◆ What is being asked:
Return the data below unaltered, but strip out the pictures.

◆ Material provided:
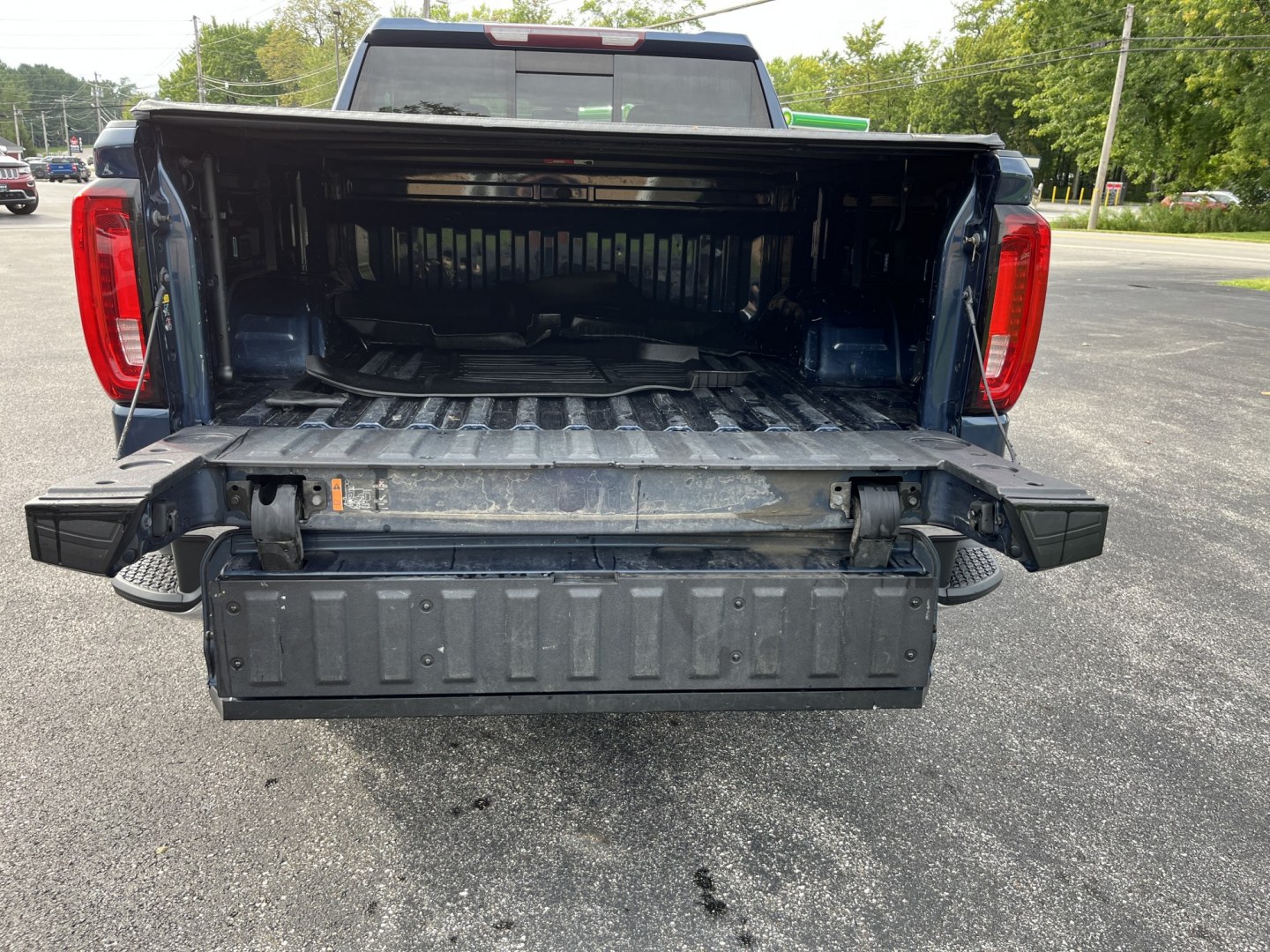 2019 Blue /Black GMC Sierra 1500 SLT Crew Cab 4WD (1GTU9DED4KZ) with an 5.3L V8 OHV 16V engine, Automatic transmission, located at 11115 Chardon Rd. , Chardon, OH, 44024, (440) 214-9705, 41.580246, -81.241943 - 2019 GMC Sierra 1500 SLT Crew Cab 4WD – Strong V8 Capability with Premium Comfort and One-Owner History If you want a full-size truck that can work hard and still feel well equipped, this 2019 GMC Sierra 1500 SLT Crew Cab 4WD is a strong option. The 5.3L EcoTec3 V8 and 8-speed automatic deliver d- Photo#16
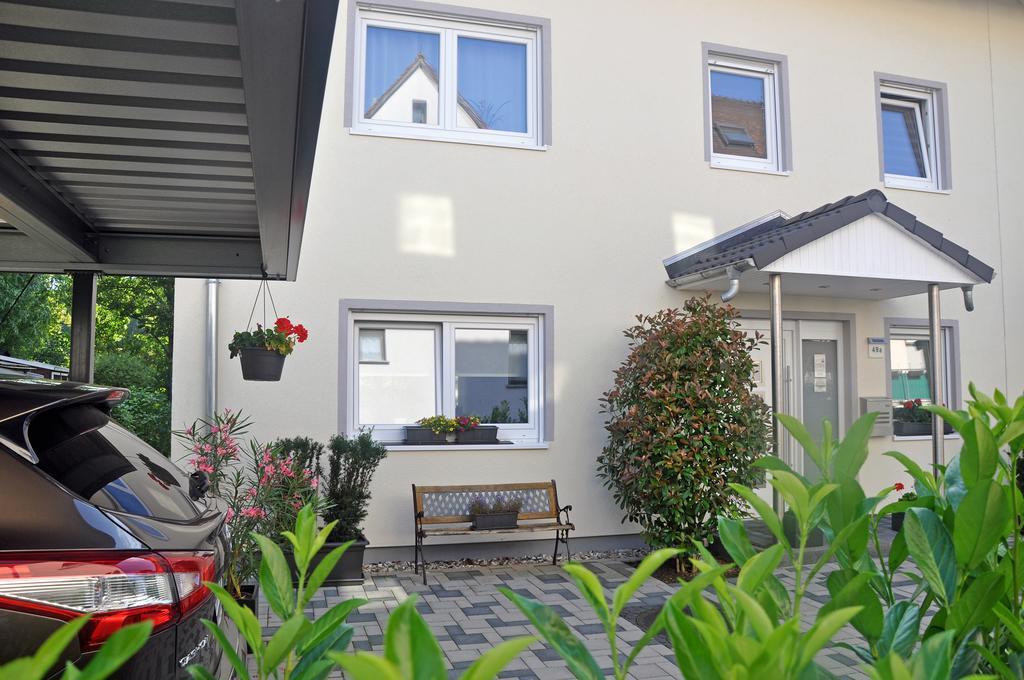 Frankfurt Bed & Breakfast Francfort-sur-le-Main Extérieur photo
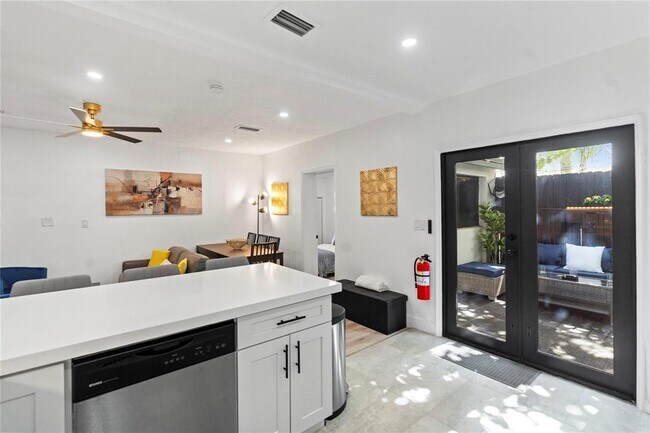 Photo - 719 NE 36th St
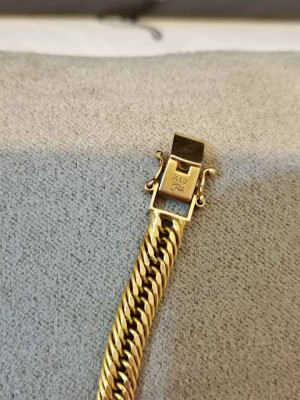 Saudi 18k gold bracelet japan style triple lock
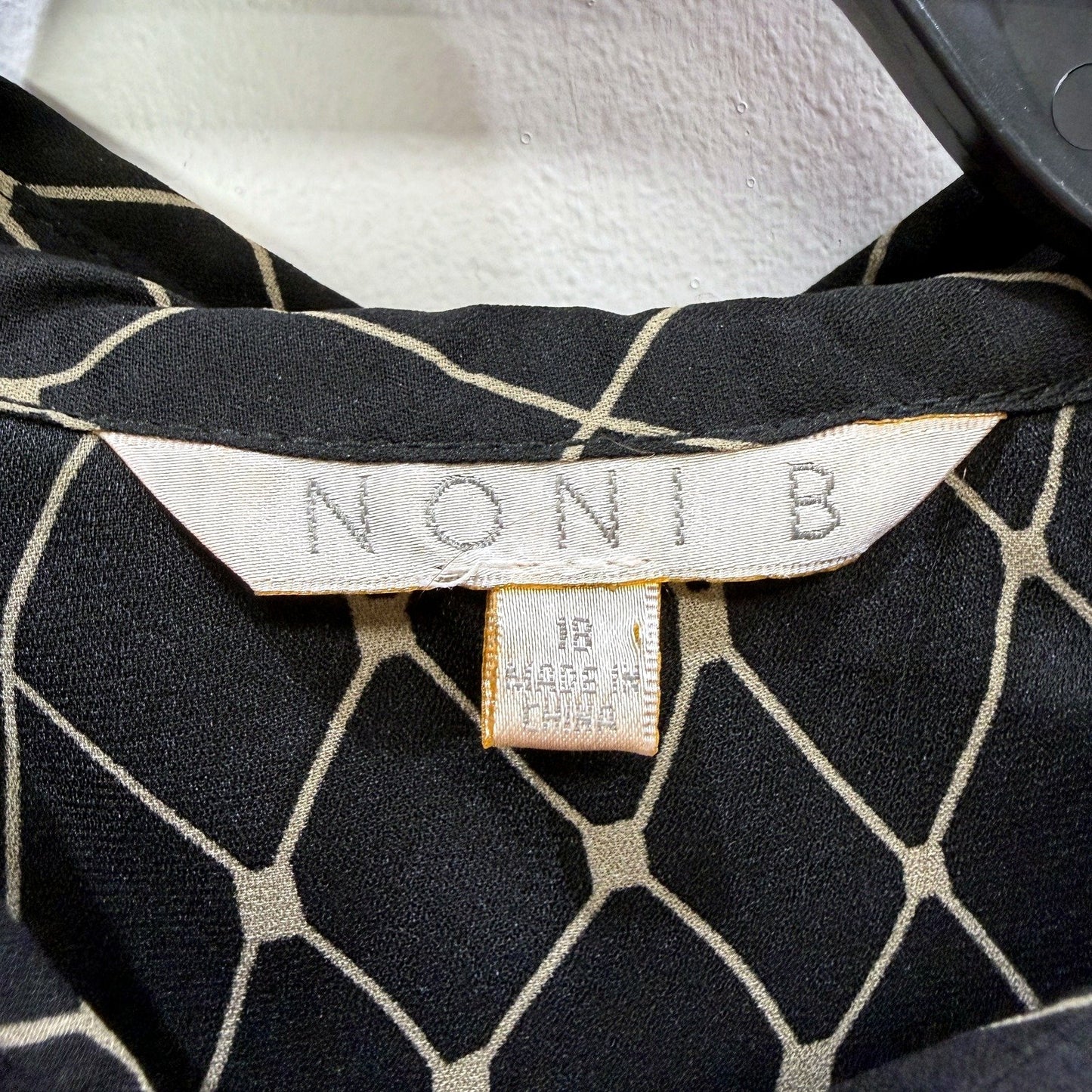 Noni B Womens Button-Down Shirt Geometric Diamond Print Black and Gold Size 18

◆ Solution below:
 2019 Blue /Black GMC Sierra 1500 SLT Crew Cab 4WD (1GTU9DED4KZ) with an 5.3L V8 OHV 16V engine, Automatic transmission, located at 11115 Chardon Rd. , Chardon, OH, 44024, (440) 214-9705, 41.580246, -81.241943 - 2019 GMC Sierra 1500 SLT Crew Cab 4WD – Strong V8 Capability with Premium Comfort and One-Owner History If you want a full-size truck that can work hard and still feel well equipped, this 2019 GMC Sierra 1500 SLT Crew Cab 4WD is a strong option. The 5.3L EcoTec3 V8 and 8-speed automatic deliver d- Photo#16
 Frankfurt Bed & Breakfast Francfort-sur-le-Main Extérieur photo
 Photo - 719 NE 36th St
 Saudi 18k gold bracelet japan style triple lock
 Noni B Womens Button-Down Shirt Geometric Diamond Print Black and Gold Size 18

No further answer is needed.